DiaBlo: Diagonal Blocks Are Sufficient For Finetuning

Imagine you have a massive, incredibly smart library (a Large Language Model, or LLM) that knows almost everything. But now, you want to teach this library a very specific new skill, like how to solve math problems or write code for a specific company.

The Problem:
The traditional way to teach the library is Full Fine-Tuning. This is like hiring a team of 100 librarians to rewrite every single book in the library to include the new information. It works great, but it's incredibly expensive, slow, and requires a massive warehouse (memory) to store all the changes.

The Current "Hack" (LoRA):
To save money, researchers invented LoRA (Low-Rank Adaptation). Instead of rewriting the books, LoRA is like adding a small, sticky-note index card to the front of the library. You only write on the index card, not the books.

The Catch: These index cards are made of two layers of paper glued together (a matrix product). To make them stick properly, you have to be very careful about how you glue them (special initialization) and how you press them down (special optimization). If you mess up the gluing, the notes fall off, or the library gets confused.

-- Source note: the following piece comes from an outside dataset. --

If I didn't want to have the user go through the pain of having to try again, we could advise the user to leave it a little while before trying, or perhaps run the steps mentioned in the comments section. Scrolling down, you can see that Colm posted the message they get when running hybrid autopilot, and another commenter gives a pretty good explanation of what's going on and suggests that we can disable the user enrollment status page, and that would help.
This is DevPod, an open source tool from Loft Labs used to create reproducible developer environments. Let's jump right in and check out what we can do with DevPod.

The New Solution (DiaBlo):
The authors of this paper propose DiaBlo (Diagonal Blocks). They say, "Why glue two pieces of paper together? Let's just write directly on the books, but only on specific, neat squares."

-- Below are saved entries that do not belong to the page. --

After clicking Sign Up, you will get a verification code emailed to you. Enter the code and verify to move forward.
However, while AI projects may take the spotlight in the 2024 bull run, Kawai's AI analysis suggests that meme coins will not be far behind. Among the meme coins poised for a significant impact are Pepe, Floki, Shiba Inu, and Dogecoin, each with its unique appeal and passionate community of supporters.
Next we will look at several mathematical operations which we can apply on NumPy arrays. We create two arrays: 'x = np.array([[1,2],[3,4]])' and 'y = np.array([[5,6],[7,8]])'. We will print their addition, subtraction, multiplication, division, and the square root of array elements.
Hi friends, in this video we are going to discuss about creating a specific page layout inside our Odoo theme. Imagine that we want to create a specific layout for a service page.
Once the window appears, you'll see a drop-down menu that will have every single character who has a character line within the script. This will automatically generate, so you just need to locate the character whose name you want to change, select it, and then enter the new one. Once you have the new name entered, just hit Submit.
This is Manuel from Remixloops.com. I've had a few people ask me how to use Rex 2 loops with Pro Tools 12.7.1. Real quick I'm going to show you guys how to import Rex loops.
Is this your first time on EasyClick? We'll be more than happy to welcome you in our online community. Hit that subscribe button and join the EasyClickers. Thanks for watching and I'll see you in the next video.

Here is the breakdown using simple analogies:

1. The "Chessboard" vs. The "Glue"

Imagine the library's knowledge is a giant chessboard.

LoRA tries to learn by moving two separate sets of pieces (A and B) that interact with each other. It's like trying to solve a puzzle where the pieces are magnetic but repel each other if you don't hold them perfectly. It's tricky and unstable.
DiaBlo says, "Let's just pick out the white squares (the diagonal blocks) of the chessboard and write our new rules directly on them." We ignore the black squares. We don't need glue; we just write on the wood.

2. Why is this better?

No "Glue" Required: Because DiaBlo writes directly on the existing structure, it doesn't need complex "gluing" tricks (special initialization) to start working. You can just start writing immediately. It's like painting a wall: you don't need to mix a special chemical to make the paint stick if you're just painting the wall directly; you just paint.
Stability: Since there's no complex interaction between two layers of "glue," the learning process is much smoother. It doesn't wobble or crash as often as LoRA.
Efficiency: Even though we are writing on the books, we are only writing on a tiny fraction of the squares (the diagonal blocks). This means we still save 99% of the memory and time, just like LoRA does.

3. The "Secret Sauce" (Why it works)

You might ask, "If we only change a few squares, won't the library forget the rest?"
The paper proves mathematically that for these giant libraries, the most important changes actually happen in those specific "diagonal" patterns.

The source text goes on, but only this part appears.